Primitive Types and Literals in Java

1. Introduction
2. Integer Types
   • Decimal Literals
   • Octal Literals
   • Hexadecimal Literals
   • Binary Literals
   • Underscores in Numeric Literals
3. float and double Types
4. boolean Type
5. char Type
6. String Literals

1. Introduction

In this article, we will examine primitive types and literals in Java. Types in Java are divided into two categories: primitive (simple, basic) and reference (object) types. Reference types include arrays, classes, and interfaces. 

In this section, we will focus only on primitive types.

Primitive types in Java are predefined and named using keywords.

Primitive types can be divided into the following four groups:

1. Integers. This group includes the data types byte, short, int, and long, representing signed integers.

2. Floating-Point Numbers. This group includes the data types flоаt and double, representing numbers with precision up to a specified number of decimal places.

3. Characters. This group includes the char data type, which represents characters, such as letters and digits, from a specific set.

4. Boolean Values. This group includes the boolean data type, specifically designed for representing logical values.

The following table contains information about the length, range of allowable values, and default values of primitive types:

2. Integer Types

Let’s start with integer types. Integer numbers in Java are represented by four types: byte, short, int, and long. The first question that everyone inevitably asks is—why so many? The integer types differ in size in bytes and, of course, in possible values. Depending on the data you need to store, you choose one of these types.

byte – used for transmitting data over the network, reading from and writing to files. It is typically not used in mathematical operations.

short – the least commonly used type in Java, it may be used only for memory optimization purposes.

int – the primary integer type, used by default in Java. So if you are unsure which type to choose, go with int. Any integer number will be treated by the compiler as an int type. It is commonly used for loop counters, array indices, and character indices in strings.

long – an integer type containing a virtually infinite range of values. It is used when numbers exceed 2 billion and the standard int type is no longer sufficient. It is commonly used in everyday applications for creating unique values.

As you can see, the default value for all these types is zero. All numeric types are signed, meaning they can have both negative and positive values:

Now let’s look at an example of declaring and initializing integer primitive types:

byte b = 4;
short s1 = 7, s2 = 5;
int i1 = 56, i2;
i2 = 78;
long a1 = 456;

The value that comes after the equals sign is called a literal.
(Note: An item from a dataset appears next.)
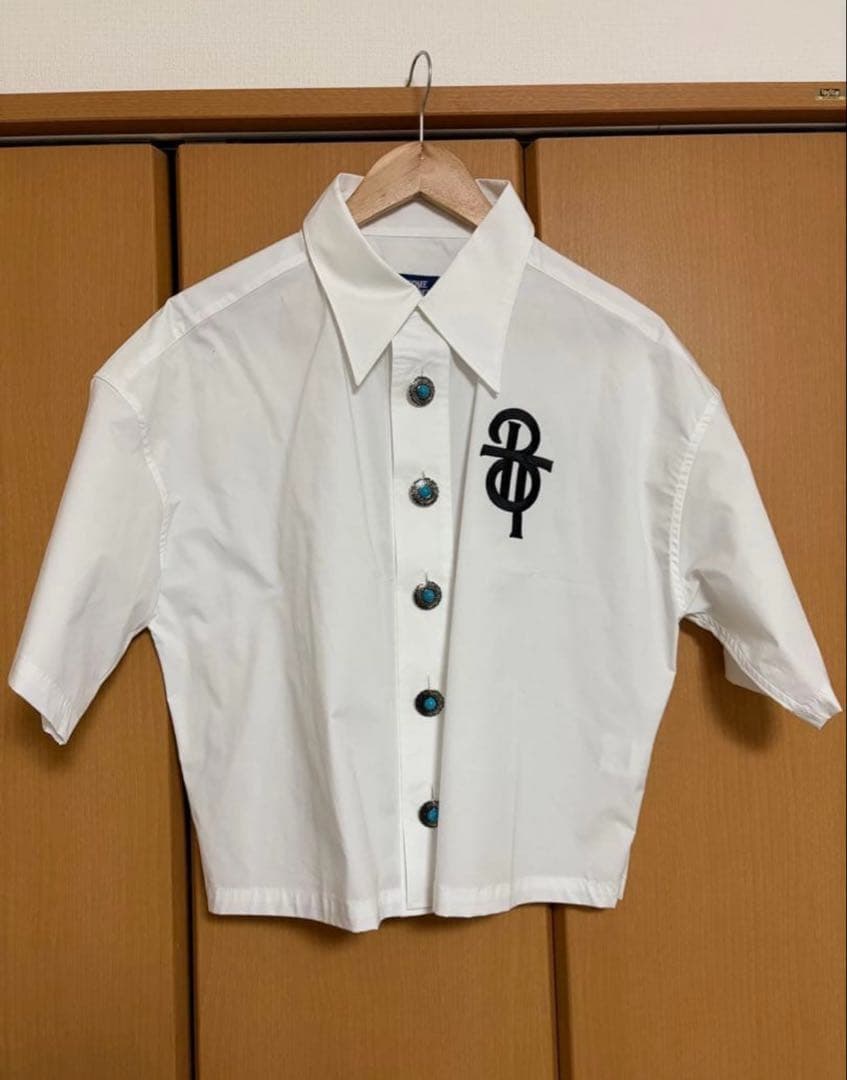 BECOME TREE CROPPED SHIRTS ビカムツリー　白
In some sources, it is also referred to as a constant, but I will stick to the term literal.

Integer literals can be of several types:

• decimal
• octal
• hexadecimal
• binary – starting from Java 7

What does that mean? See, there are different numeral systems.

2.1 Decimal Literals

That is, the numeral system we are used to is decimal. It uses 10 digits to represent a number – from 0 to 9.
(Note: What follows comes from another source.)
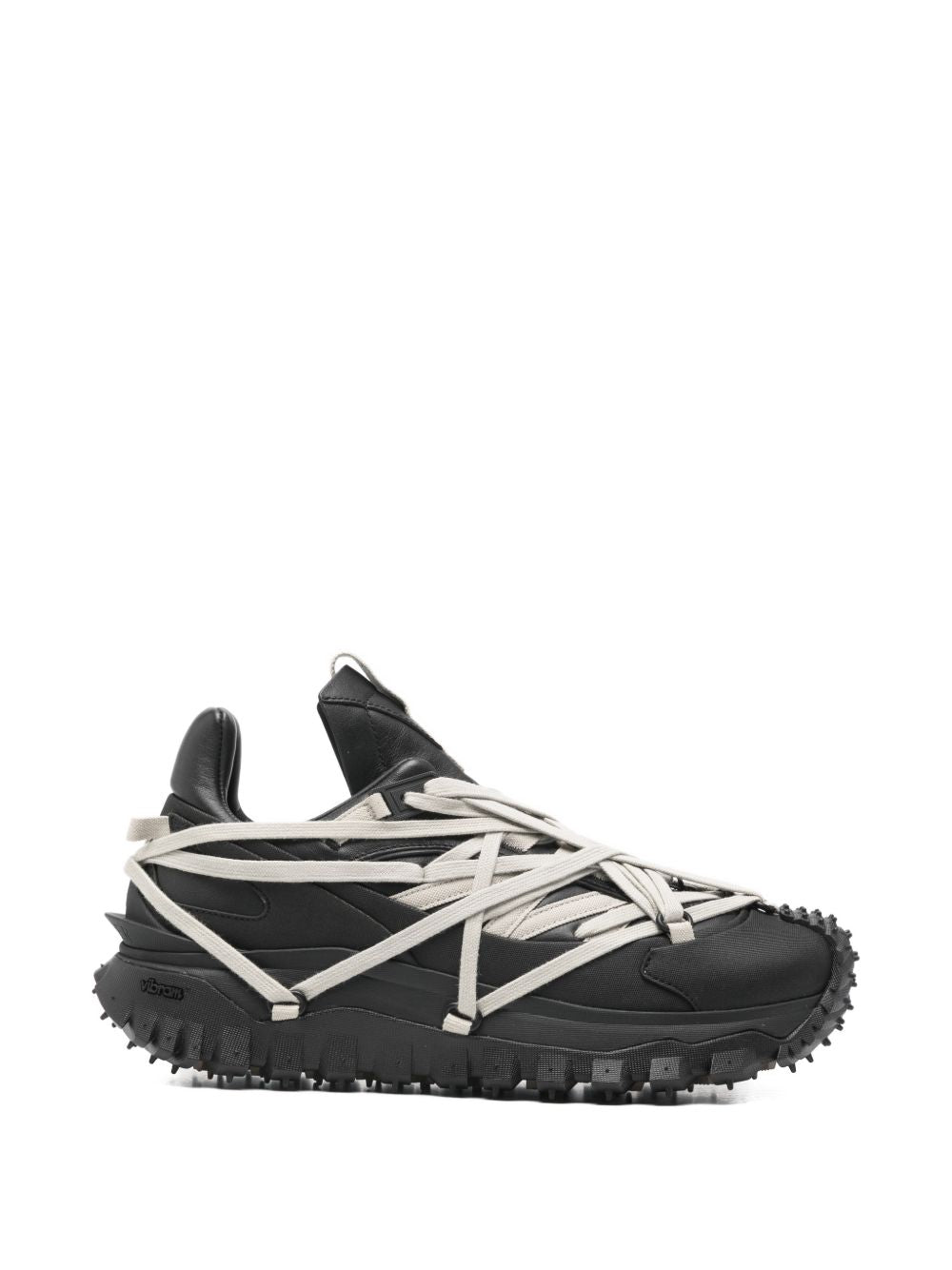 Moncler X Rick Owens Sneakers Black Outer: Calf Leather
Let’s consider decimal integer literals, which are familiar values to us. A minus sign is used to indicate negative numbers. Also, you can place a plus sign as shown below for the variable x3, but this is optional:

int x1 = 878;
int x2 = +878;
int x3 = -878;

2.2. Octal Literals

In the octal numeral system, there are eight digits: from 0 to 7. To indicate that the number is in octal, a zero is placed at the beginning of such a value. For example:

int six = 06; // Equals the decimal number 6
int seven = 07; // Equals the decimal number 7
int eight = 010; // Equals the decimal number 8
int nine = 011; // Equals the decimal number 9

System.out.println("eight: " + eight);
System.out.println("nine: " + nine);

When we print these values to the console, they are always displayed in decimal format:

eight: 8
nine: 9

2.3. Hexadecimal Literals

• Hexadecimal literals are created using the following characters [0-9a-fA-F]
• They must start with 0x or 0X.
• Up to 16 characters can be used in hexadecimal numbers, excluding the 0x prefix and the optional L suffix.

For example:

int a1 = 0X0005;
int a2 = 0x7ddfffff;
int a3 = 0xcccccccc;

2.4. Binary Literals in Java 7

To define a binary literal, add the prefix 0b or 0B to the number. Only 0 and 1 are used. For example:

int i1 = 0b101;
int i2 = 0B101; 

All integer literals represent int values. If the literal value falls within the byte, short, or char range, it can be assigned to a variable of that type without casting.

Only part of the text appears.